My father was a brilliant man. I mean truly brilliant. Intelligence seems to be getting rarer and rarer these days, but my father was truly one of the most intelligent people I've ever known. He invented things. Things that are still used today. Ok granted, most of you out there don't ever come in contact with the things he created, but if you are into music... if you have an expensive amplifier, not the electronic kind, but the kind with the very best sound, the ones that still use vacuum tubes... you very likely have a piece of technology that my father created. We still have all the patent documents for all the various vacuum tubes he created while working for RCA and Westinghouse. Not only that, but my father was part of the team that created the radar systems the US Military employed at pearl harbor.

Man do I miss him. My heart utterly aches at his loss. There were times though that I was so angry with him. Angry because we weren't close. Angry because he didn't teach me the things he knew. He didn't teach me about electronics, although I watched him many times tinkering with things and soldering things and repairing things that most people tell you to just throw away and buy a new one. He didn't pass that on to me. He was also into woodworking. I watched him do that many times as well, and yet again... he never taught me. So many missed opportunities. So many things I can't possibly ever pass on to my own children.

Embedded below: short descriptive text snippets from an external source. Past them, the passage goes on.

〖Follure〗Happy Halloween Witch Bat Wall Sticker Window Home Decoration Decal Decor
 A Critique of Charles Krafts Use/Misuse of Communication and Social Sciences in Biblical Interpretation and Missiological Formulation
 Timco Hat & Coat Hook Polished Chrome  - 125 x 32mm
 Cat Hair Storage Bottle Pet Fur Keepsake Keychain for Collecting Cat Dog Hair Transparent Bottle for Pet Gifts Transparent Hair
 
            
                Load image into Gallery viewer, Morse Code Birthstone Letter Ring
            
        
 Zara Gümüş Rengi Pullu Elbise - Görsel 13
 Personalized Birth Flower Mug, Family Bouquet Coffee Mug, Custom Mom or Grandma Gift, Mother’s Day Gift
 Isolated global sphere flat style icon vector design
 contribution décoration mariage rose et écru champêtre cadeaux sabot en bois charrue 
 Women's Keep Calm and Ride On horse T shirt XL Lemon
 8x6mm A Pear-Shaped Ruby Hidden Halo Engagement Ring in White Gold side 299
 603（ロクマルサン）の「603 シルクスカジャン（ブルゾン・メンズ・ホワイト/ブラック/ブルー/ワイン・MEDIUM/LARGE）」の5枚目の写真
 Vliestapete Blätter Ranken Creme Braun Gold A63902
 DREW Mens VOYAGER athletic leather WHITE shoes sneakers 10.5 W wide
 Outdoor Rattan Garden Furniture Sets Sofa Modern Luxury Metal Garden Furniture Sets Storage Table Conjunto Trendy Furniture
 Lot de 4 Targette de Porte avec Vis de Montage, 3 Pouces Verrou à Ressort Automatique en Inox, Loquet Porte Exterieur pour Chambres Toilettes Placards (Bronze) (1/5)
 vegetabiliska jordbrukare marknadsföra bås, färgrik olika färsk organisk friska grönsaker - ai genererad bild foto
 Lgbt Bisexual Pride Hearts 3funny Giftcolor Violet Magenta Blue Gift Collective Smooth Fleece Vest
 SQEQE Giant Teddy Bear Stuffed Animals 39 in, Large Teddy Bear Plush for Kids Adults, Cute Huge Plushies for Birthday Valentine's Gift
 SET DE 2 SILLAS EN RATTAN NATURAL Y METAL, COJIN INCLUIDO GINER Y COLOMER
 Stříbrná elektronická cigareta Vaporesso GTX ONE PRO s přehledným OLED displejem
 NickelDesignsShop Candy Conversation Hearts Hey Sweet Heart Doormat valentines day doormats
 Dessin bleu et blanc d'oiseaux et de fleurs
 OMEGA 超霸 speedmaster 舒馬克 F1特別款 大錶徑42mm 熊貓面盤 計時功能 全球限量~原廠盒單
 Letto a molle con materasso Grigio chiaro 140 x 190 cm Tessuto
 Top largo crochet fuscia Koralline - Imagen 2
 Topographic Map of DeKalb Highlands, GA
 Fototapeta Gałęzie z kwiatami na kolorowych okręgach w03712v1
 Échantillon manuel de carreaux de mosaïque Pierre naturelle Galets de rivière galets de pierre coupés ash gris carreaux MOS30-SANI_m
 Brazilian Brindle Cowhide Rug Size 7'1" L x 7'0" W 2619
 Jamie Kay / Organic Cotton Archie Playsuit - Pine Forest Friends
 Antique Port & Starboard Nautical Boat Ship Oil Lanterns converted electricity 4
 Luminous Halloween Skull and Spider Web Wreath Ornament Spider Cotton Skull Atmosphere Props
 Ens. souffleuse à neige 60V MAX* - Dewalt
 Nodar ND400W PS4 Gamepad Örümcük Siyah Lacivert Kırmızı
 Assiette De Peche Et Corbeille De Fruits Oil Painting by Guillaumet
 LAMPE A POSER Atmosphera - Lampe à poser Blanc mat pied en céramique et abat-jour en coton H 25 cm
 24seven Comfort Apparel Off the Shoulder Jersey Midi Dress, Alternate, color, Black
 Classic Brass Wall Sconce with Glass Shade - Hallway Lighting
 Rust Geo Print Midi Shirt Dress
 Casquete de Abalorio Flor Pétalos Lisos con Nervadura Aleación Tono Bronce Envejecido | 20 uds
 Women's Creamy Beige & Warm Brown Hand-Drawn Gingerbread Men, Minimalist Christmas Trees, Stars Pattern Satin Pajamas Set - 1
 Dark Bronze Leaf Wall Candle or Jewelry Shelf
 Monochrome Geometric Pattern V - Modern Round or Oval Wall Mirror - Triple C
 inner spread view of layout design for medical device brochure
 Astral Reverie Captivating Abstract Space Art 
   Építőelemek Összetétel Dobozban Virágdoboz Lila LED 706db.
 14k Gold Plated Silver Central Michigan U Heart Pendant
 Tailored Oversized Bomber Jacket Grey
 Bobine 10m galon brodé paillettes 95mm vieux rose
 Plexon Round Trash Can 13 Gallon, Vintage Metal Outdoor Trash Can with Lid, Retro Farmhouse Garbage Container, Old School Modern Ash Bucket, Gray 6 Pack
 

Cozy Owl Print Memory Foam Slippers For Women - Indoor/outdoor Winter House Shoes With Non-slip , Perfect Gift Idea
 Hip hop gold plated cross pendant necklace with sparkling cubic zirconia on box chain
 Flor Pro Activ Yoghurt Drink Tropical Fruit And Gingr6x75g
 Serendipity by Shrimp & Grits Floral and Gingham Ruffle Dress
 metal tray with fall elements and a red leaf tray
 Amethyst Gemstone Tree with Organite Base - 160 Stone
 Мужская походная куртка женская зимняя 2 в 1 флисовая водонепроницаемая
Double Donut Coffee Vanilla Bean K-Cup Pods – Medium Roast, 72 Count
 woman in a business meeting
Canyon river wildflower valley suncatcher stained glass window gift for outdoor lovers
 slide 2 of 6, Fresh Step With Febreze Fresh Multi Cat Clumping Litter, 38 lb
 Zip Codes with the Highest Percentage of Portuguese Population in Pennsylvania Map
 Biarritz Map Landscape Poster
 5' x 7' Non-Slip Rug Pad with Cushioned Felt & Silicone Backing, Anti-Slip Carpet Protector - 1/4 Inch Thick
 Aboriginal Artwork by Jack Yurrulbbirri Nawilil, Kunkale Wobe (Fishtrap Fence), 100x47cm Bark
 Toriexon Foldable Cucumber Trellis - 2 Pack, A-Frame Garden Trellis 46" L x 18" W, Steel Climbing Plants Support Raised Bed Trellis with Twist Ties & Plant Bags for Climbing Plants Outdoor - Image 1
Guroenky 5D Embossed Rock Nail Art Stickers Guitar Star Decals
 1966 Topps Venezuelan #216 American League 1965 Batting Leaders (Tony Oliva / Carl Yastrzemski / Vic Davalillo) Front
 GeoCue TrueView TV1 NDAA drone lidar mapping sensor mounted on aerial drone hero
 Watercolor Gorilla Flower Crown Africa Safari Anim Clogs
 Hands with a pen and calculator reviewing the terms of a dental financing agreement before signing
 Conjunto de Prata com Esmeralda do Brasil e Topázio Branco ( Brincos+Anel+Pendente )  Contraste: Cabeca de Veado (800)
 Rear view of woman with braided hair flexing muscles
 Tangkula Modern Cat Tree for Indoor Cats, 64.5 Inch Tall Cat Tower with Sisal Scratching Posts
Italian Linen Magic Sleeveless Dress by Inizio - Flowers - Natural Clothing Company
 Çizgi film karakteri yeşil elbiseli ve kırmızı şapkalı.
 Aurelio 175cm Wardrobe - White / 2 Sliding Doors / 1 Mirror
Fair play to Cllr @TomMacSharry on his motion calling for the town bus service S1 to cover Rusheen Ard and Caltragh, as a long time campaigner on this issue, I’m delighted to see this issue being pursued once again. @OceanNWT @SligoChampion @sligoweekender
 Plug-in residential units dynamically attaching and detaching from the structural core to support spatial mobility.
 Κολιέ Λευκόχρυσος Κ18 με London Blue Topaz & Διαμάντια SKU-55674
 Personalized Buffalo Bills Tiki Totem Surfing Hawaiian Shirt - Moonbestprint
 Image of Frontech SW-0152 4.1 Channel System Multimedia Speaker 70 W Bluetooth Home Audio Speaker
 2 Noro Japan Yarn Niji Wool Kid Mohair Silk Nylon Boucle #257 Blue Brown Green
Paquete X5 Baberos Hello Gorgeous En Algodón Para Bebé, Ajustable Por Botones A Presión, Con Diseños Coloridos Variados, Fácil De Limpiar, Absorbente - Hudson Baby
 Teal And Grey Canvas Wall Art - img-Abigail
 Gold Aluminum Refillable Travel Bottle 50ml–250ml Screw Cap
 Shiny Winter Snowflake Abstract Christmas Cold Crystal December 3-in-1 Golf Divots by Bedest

I know my father and I are a lot alike. So I know that while you rarely ever saw feelings and emotions from him (short of anger) he actually felt his emotions very keenly and deeply. I do as well, but they rarely ever come out or at lease aren't easily visible for people around me. In learning about myself, I was able to learn that my father, and most of my family actually, are Autistic. Or at least "on the spectrum" as they say.

Hence my father's utter brilliance.

Hence the reason I feel like I'm utterly dieing on the inside, and yet on the out side, it seems like everything is just great.

Yes, I really do miss my dad.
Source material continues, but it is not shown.